Kenworthy allegedly inflated the appraisals of properties for which he submitted reports to certify the HECM loans, resulting in the payment of more than $3 million by the FHA to cover loans that went into default. The charges against him grew out of a grand jury investigation, according to the indictment.
From 2010 to 2016, Kenworthy appraised approximately 714 properties, which were the subject of applications for reverse mortgages, using the electronic signatures of five certified real estate appraisers, without their knowledge, to certify 294 appraisal reports he wrote for the HECM loans, the indictment says. He used his own signature to certify the other 420 appraisal reports he wrote, it says.
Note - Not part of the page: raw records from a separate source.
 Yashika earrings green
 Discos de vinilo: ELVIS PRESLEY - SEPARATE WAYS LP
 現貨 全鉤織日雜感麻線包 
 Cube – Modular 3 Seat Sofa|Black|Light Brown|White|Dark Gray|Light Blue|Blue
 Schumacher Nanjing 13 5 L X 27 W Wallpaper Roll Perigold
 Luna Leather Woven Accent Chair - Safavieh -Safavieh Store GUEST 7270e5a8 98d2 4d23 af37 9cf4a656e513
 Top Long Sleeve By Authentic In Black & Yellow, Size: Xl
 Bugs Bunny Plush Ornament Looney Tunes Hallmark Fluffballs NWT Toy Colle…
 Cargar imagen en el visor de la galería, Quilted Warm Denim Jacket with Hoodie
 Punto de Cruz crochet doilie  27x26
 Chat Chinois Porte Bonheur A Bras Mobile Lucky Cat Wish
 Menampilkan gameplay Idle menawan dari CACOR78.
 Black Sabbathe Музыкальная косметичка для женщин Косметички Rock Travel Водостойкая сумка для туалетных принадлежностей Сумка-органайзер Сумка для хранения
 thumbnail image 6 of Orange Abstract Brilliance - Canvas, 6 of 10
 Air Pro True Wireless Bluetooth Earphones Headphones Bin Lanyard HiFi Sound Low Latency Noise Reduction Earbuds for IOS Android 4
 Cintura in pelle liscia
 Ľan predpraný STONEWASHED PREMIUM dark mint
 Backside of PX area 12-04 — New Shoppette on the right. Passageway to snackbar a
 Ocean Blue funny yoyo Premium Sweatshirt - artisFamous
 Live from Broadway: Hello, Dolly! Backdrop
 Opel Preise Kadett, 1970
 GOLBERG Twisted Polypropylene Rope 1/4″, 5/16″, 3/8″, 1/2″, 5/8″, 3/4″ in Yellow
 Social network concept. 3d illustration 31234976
Kenworthy wrote most of the appraisals for one mortgage broker, which paid him, or his appraisal company, approximately $450 per appraisal, the indictment says. In some of the appraisal reports he wrote for the reverse mortgages, he falsely inflated valuations for the properties, which, in turn, fraudulently inflated the loan amount, it says.
Numerous properties he wrote appraisal reports for went into foreclosure, the indictment says. As of July 2017, of the 714 properties for which Kenworthy wrote the appraisal report, either using his own name or the name of another appraiser, the FHA paid 53 claims totaling almost $3.7 million on foreclosed properties, because the value of the properties was insufficient to cover the HECM loan balance owed to the lender upon the sale of the property, it says.
In January 2016, the Department of Housing and Urban Development suspended Kenworthy, barring him from performing any appraisals for FHA-insured mortgage loans, including HECM loans, the indictment says.
The indictment also charges Kenworthy with failing to file tax returns for 2011 and 2012.
The case was investigated by the United States Department of Housing and Urban Development — Office of Inspector General, and the Internal Revenue Service — Criminal Investigation, and is being prosecuted by Assistant United States Attorney Karen L. Grigsby.